# Permadent foundation shortage



## irwin harlton (Jan 7, 2005)

My supplier informs me the Permadent factory is overwhelmed and can't supply till end of June.........much to late. Anyone hearing anything about this?

Must be one heck of a bunch of new equipment going into honey production, ,I know the hobbyist and side-liner group is growing leaps and bounds , just from being at the AFB convention


----------



## jean-marc (Jan 13, 2005)

I like to order early, like in Sept /oct so it comes when needed, to avoid the cost of not having it.

Jean-Marc


----------



## Allen Martens (Jan 13, 2007)

Irwin

If your supplier is my supplier, probably is, I'd better go pick up my 3000 sheets before the sell them to you.  I was waiting for them to get the rest of my order in but your making me nervous.


----------



## beemandan (Dec 5, 2005)

The backlog may be related to Pierco's woes. Their customers may be going to alternate suppliers.


----------



## Deeptime (Jul 21, 2009)

What's cookin' with Pierco?


----------



## pahvantpiper (Apr 25, 2006)

Yeah, didn't realize there was a problem. Just bought some foundation from them recently and everything seemed fine.


----------



## Beeslave (Feb 6, 2009)

beemandan said:


> The backlog may be related to Pierco's woes. .

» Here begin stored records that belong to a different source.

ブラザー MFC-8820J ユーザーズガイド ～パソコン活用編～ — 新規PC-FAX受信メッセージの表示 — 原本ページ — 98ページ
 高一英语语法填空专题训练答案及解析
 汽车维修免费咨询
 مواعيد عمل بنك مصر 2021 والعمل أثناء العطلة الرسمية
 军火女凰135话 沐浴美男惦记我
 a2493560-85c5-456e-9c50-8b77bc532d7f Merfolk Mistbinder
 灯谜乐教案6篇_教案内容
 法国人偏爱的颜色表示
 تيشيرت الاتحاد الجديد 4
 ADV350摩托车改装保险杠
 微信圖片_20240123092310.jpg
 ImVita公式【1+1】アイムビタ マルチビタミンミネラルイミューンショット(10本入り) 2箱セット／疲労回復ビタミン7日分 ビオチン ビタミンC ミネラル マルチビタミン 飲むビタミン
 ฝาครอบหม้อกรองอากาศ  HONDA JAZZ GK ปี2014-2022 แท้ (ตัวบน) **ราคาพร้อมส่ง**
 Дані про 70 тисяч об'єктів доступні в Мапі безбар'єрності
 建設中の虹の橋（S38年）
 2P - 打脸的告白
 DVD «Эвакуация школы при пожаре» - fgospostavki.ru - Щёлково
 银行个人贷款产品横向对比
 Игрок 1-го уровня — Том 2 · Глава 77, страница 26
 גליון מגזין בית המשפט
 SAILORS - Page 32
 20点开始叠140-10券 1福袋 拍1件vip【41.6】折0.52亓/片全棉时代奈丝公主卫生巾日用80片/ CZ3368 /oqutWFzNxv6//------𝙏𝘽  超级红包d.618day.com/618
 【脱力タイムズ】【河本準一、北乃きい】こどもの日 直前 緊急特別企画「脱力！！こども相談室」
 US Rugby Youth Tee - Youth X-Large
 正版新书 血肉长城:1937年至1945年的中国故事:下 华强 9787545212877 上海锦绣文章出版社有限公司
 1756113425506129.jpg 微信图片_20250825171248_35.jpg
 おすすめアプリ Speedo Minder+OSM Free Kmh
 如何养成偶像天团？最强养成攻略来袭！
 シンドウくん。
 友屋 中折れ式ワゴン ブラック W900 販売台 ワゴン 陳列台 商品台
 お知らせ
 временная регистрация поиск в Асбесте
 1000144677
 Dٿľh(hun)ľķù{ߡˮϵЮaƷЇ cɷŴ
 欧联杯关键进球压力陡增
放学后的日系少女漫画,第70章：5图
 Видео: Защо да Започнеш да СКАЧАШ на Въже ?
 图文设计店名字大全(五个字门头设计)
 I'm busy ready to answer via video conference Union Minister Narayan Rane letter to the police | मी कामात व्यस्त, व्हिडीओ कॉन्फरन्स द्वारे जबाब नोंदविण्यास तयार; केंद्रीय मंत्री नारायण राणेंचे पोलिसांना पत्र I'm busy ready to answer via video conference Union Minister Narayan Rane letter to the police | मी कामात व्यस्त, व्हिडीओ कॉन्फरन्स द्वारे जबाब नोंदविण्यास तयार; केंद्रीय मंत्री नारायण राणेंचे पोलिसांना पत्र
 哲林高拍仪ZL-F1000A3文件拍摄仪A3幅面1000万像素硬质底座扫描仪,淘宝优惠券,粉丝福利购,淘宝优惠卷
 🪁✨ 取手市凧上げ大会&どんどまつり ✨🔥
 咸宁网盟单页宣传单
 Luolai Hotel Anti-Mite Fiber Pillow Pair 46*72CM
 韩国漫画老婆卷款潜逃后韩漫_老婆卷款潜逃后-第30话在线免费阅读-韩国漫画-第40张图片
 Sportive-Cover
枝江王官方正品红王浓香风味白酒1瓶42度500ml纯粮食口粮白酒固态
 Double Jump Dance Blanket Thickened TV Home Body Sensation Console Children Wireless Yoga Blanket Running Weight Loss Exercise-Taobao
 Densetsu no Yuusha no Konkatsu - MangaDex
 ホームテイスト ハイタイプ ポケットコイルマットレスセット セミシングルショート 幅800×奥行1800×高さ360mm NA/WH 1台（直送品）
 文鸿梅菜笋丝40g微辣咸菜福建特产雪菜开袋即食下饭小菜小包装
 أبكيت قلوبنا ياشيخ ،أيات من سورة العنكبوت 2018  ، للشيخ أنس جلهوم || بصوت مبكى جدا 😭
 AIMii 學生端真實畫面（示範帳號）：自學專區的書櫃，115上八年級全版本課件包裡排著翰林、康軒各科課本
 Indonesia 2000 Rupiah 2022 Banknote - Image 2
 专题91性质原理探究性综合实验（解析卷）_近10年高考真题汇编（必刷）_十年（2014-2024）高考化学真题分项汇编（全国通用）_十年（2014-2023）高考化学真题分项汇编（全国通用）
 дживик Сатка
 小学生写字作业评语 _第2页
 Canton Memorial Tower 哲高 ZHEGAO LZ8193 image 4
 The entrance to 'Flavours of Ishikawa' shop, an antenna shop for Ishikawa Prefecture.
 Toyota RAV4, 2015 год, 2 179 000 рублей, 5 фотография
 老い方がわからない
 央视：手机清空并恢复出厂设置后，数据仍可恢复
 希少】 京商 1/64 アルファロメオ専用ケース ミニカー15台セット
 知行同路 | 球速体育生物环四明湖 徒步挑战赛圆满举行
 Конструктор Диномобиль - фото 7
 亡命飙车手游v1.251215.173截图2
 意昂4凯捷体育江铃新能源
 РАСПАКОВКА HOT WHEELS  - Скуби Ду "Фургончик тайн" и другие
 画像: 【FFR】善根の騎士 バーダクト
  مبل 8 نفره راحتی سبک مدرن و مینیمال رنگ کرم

I think they are talking about the illegal worker raid.


----------



## beemandan (Dec 5, 2005)

The story, from my failing memory, is that there was an INS raid and they lost about 20% or their workforce.


----------



## oldenglish (Oct 22, 2008)

From the deliveries we are seeing from them I would say it took about a week for them to get back to there usual delivery schedule. No problems now.


----------



## spencer (Dec 7, 2004)

Any links on this story? I can't seem to find any.


----------